Stored entries:
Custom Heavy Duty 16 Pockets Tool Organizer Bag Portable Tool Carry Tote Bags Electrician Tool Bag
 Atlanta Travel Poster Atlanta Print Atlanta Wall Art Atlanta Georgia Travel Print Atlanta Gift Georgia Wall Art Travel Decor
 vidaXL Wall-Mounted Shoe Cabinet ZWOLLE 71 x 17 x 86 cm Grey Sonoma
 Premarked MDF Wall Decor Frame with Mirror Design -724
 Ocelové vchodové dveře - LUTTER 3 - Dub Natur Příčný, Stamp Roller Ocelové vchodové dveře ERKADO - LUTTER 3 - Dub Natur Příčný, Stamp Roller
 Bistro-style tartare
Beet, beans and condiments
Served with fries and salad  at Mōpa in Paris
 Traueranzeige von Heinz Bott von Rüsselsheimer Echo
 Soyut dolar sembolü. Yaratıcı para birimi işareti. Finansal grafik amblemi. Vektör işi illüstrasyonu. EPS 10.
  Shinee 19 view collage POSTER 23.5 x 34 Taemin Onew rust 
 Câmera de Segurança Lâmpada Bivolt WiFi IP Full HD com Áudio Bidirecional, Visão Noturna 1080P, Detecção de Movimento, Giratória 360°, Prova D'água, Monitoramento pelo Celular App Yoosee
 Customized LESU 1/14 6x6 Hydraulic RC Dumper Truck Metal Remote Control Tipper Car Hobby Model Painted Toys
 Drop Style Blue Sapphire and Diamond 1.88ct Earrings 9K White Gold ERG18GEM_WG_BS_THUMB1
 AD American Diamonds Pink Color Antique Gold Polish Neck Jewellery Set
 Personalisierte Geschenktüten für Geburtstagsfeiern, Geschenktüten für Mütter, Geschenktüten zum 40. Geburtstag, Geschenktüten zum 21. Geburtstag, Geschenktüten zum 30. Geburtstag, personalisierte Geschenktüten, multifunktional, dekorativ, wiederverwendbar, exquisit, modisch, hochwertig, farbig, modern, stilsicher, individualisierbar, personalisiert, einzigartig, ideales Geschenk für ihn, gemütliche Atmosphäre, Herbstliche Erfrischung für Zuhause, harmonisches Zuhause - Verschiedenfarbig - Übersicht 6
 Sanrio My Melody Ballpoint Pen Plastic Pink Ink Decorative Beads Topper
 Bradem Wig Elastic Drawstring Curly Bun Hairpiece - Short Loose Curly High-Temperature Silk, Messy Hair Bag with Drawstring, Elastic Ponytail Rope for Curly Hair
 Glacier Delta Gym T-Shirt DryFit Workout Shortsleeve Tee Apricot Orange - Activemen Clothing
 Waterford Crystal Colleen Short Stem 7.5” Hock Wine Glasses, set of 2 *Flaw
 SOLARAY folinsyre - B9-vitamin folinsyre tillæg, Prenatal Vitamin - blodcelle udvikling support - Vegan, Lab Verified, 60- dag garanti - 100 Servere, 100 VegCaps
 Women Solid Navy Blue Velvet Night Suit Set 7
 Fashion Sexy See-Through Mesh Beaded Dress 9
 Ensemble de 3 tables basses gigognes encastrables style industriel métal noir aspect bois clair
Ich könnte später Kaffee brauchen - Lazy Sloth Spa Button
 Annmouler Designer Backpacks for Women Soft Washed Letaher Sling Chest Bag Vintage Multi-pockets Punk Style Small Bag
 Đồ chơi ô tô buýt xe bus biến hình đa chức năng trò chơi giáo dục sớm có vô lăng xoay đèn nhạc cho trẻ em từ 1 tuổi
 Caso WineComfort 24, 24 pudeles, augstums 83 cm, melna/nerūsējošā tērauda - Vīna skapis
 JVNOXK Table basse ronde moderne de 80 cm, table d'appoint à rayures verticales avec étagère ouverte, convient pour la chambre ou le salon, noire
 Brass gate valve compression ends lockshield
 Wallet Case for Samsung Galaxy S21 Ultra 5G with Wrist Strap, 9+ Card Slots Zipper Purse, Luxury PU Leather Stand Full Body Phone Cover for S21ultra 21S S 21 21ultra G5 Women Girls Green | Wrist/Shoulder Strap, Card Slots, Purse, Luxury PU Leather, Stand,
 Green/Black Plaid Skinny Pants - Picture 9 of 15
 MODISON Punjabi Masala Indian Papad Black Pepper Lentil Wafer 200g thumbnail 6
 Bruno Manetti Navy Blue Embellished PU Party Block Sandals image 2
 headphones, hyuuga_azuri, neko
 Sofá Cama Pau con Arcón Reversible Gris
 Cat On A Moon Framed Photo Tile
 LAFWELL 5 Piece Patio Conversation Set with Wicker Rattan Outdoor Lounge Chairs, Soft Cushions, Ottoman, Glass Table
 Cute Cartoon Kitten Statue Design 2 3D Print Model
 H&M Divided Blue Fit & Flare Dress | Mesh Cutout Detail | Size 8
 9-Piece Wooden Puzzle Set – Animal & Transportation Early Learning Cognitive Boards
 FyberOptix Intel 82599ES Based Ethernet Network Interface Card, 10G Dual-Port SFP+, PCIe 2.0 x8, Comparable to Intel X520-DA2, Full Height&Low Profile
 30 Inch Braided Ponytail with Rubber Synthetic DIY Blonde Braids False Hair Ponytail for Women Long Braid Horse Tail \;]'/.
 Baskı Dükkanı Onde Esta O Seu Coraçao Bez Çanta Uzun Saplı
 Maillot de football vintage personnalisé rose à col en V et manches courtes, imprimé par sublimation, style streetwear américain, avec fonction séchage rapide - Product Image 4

▶ [Task requirements]
Retype the entries above exactly, but only from the line containing "Atlanta Travel Poster" through the line containing "Soyut dolar sembolü.", both included.

▶ [Solution to the problem]
 Atlanta Travel Poster Atlanta Print Atlanta Wall Art Atlanta Georgia Travel Print Atlanta Gift Georgia Wall Art Travel Decor
 vidaXL Wall-Mounted Shoe Cabinet ZWOLLE 71 x 17 x 86 cm Grey Sonoma
 Premarked MDF Wall Decor Frame with Mirror Design -724
 Ocelové vchodové dveře - LUTTER 3 - Dub Natur Příčný, Stamp Roller Ocelové vchodové dveře ERKADO - LUTTER 3 - Dub Natur Příčný, Stamp Roller
 Bistro-style tartare
Beet, beans and condiments
Served with fries and salad  at Mōpa in Paris
 Traueranzeige von Heinz Bott von Rüsselsheimer Echo
 Soyut dolar sembolü. Yaratıcı para birimi işareti. Finansal grafik amblemi. Vektör işi illüstrasyonu. EPS 10.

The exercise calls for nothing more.